This diagram gives you a simplified indication of what actually goes on in our body to do this. No need to read all the detail unless you want to, but it’s good to glance it over to get a sense of how hard our bodies work to keep us alive through regulating our hydration.

Physiological mechanisms for regulating water
Source: Je’quier and Constant (2010)


We get our water from what we drink, what we eat and what we produce internally. But we aren’t able to produce enough water through our metabolism nor is there enough in the foods we eat to fulfil our body’s needs, and so, we need to make sure that we consume sufficient water.

Water is needed as a building material; more is needed when the body is growing. It is also needed for the metabolism of the food that we eat (being involved in hydrolysis of proteins, carbohydrates, fats and other nutrients), as well as being a transport medium for carrying nutrients to cells and removing waste products or toxins from them. It is also the main constituent of blood and is essential for the proper functioning of our organs and our body systems. It’s no wonder that too much loss of water in our body is life-threatening.

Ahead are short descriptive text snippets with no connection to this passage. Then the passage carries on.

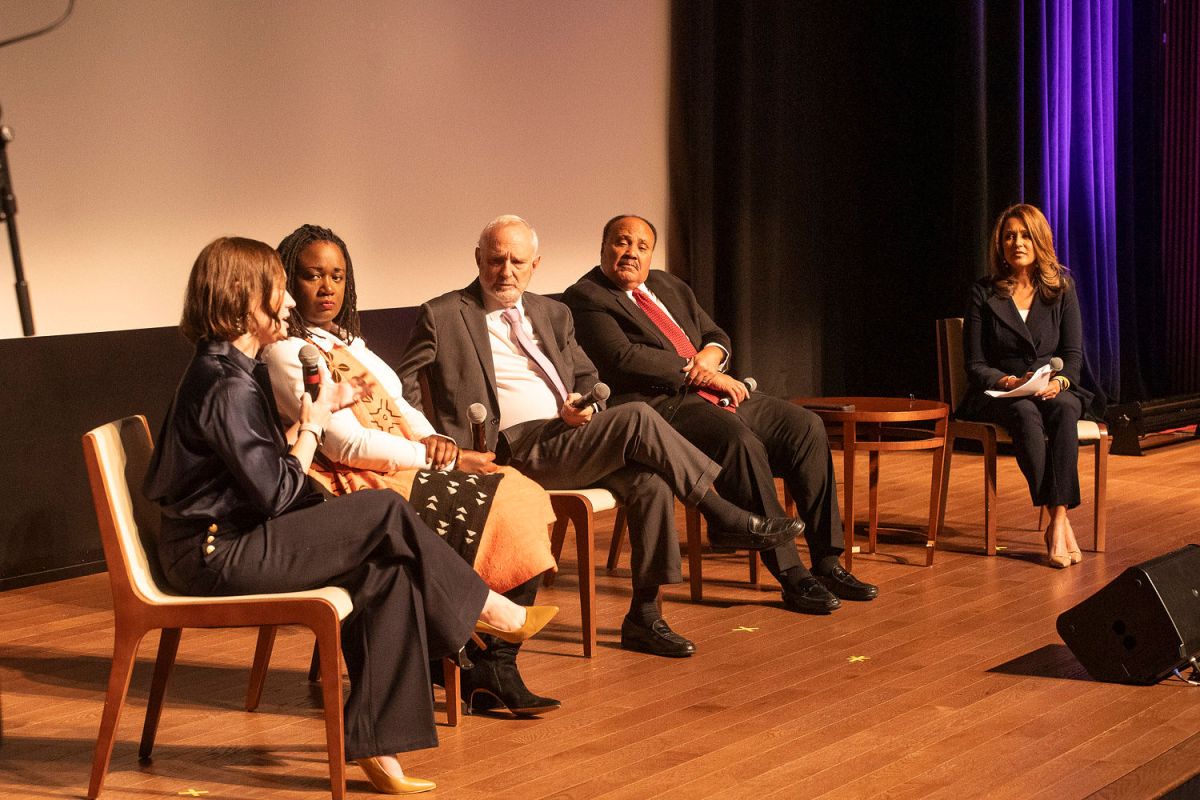 The panel discusses "Interfaith Collaboration, Then & Now." From left: Amy Spitalnick, CEO, Jewish Council for Public Affairs; Dr. Erika Gault, director of the Center for the Study of African American Religious Life, National Museum of African American History and Culture; Rabbi David Saperstein, ambassador, International Religious Freedom; Martin Luther King III, chairman, Drum Major Institute; and Lesli Foster, moderator, WUSA9 anchor (Photo courtesy of Skip Brown)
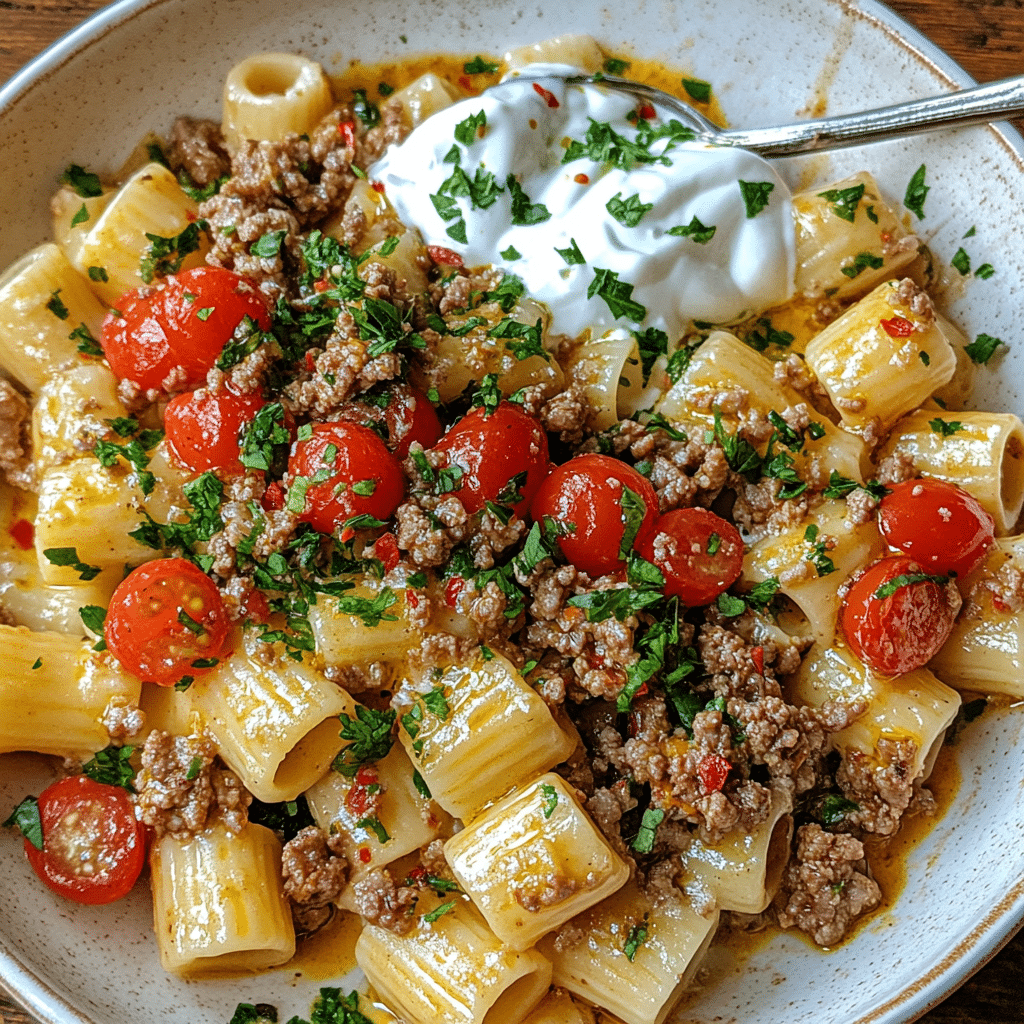 Healthy Turkish pasta recipe with yogurt sauce and cherry tomatoes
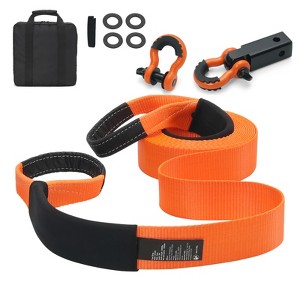 VEVOR Polyester Heavy Duty Tow Strap Recovery Kit 3" x 30 ft (MBS-36,000 lbs) Winch Strap, Triple Reinforced Loop - 1 of 4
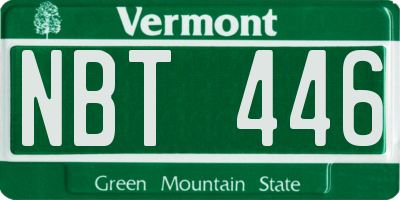 VT license plate NBT446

Water also provides lubrication for our joints, mucus, saliva, gastro-intestinal secretions, and helps our cells maintain their shape and function – just think, water is taken out of our cells when we are dehydrated and this causes our cells to shrink. It also helps us regulate our body temperature, through adjusting how much we sweat or pee.

Water also helps keep you mentally alert. Studies have shown that even mild dehydration (1-2% of body water) can affect alertness, the ability to concentrate and short-term memory function, and can also affect mood and feelings of anxiety and irritability.

Further, dehydration can lead to the development of headache, as a result of reduced total blood volume and dehydration in the brain tissues. Some observational studies further note that this can also trigger migraines and prolong them. For those with water deprivation-induced headache, relief from consuming water was experienced within 30 minutes to 3 hours.

Water can also help you maximize your physical performance. Athletes commonly lose about 6-10% of body weight in water during high intensity exercise, but it was found that even with mild dehydration as low as 2%, physical performance was reduced. Intense exercise or high heat can lead to experiencing more fatigue, reduced motivation, an altered ability to regulate body temperature and reduced endurance. It can also affect the perception of difficulty, making exercise feel more challenging, both mentally and physically. Thankfully, replenishing our level of hydration can reverse this and also reduce oxidative stress that results from high intensity exercise.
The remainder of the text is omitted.